We met Alex, the captioner, during the interval and I told her that it must have been really difficult for her to keep up with the unbelievably quick dialogue, which was like a machine gun, but she was doing an amazing job.
I thought the actors were brilliant, particularly since they were playing such neurotic, unhinged characters. Simon Russell Beale who played the main character Roote, the deranged ex-Colonel and tyrant who ran the institution, was superb. He seemed to become more psychotic and deluded as the story unfolded, while in contrast John Simm, who played his sidekick Gibbs, appeared cold, creepy and sinister.
The supporting actors were equally brilliant. John Heffernan, who played the role of the cheeky, taunting subordinate Lush in his purple suit, was absolutely hilarious and reminded me of a sly Kenneth Williams. I couldn’t stop laughing in the scene where he was madly stuffing half a Christmas cake into his mouth after drinking copious amounts of whisky with Roote. This was one of the best scenes in the play.
Behind all this mad farcical black humour, Pinter was trying to show that state-sanctioned torture and cruelty are inherently wrong and he was highlighting the dangers of uncontrolled authority, which is bound to come to a bitter end.
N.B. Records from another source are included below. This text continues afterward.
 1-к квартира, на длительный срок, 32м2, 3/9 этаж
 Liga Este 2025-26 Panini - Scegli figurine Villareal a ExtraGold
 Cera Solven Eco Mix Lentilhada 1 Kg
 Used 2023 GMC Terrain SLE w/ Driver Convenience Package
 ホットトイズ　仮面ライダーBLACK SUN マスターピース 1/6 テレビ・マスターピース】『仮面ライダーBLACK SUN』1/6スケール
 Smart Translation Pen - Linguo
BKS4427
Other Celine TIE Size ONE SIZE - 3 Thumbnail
He explained in an interview in 1982 that it was fantasy when he wrote it, but that it had become far more relevant as reality had overtaken it. It therefore has a deeply moral message.
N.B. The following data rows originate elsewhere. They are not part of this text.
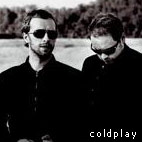 Coldplay Give Away New Single
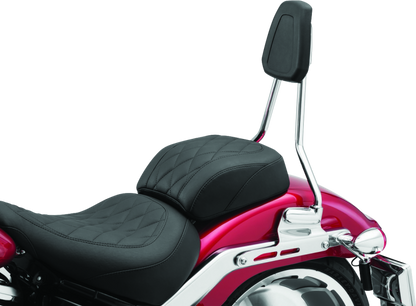 Kuryakyn Sissy Bar 18-19 Brkout/Fat Boy 6588 6588 User 1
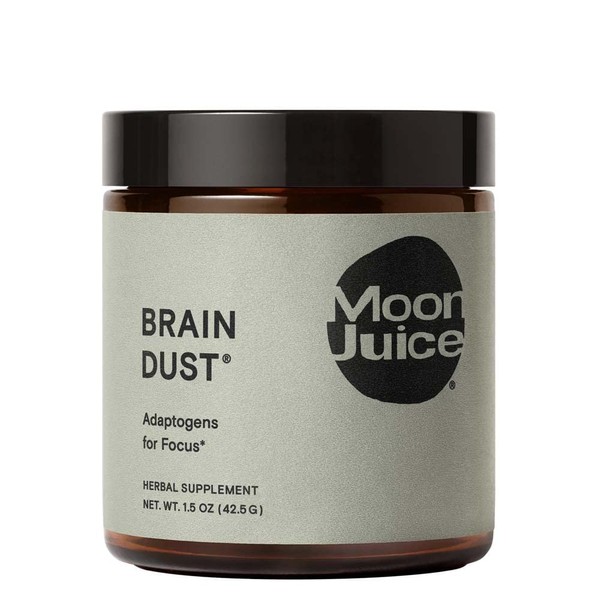 Moon Juice Moon Juice - Brain Dust - Mushroom Powder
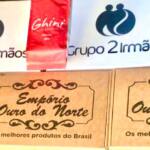 Cafés do Norte Pioneiro brilham na Expo Café Chile 2024 Cafés do Norte Pioneiro brilham na Expo Café Chile 2024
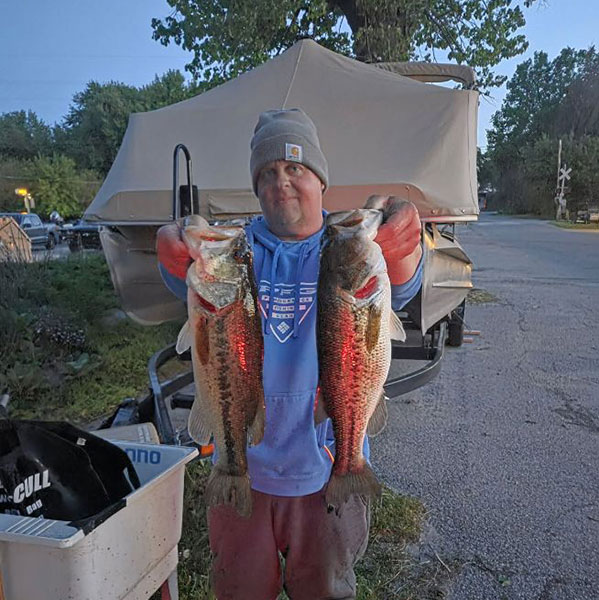 Loren Crosbie - 1st Place
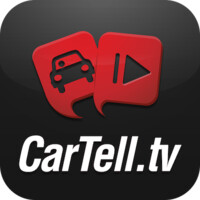 CarTell.tv Logo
The first captioned performance I saw since I lost my hearing was Macbeth at the Trafalgar Studios earlier this year. I was blown away by that experience. This is what encouraged me to go back to the theatre, as before, I wouldn’t have considered it as I thought it was no longer accessible to me. It is really great to go out and see these amazing plays. Trafalgar Studios is my favourite place to see plays in London. It is really unique as it is so intimate that you actually feel part of the action. It reminds me of another one of my passions, watching football, at an old smaller stadium such as West Ham’s Upton Park or Fulham’s Cottage, where you feel part of the game and the atmosphere is electric as you are so close to the players. This is totally different to the atmosphere in new big state-of-the art stadiums, where you feel like you are in a church.
I would recommend anyone to go and see a play at the brilliant Trafalgar Studios. I’m already looking forward to the next accessible play!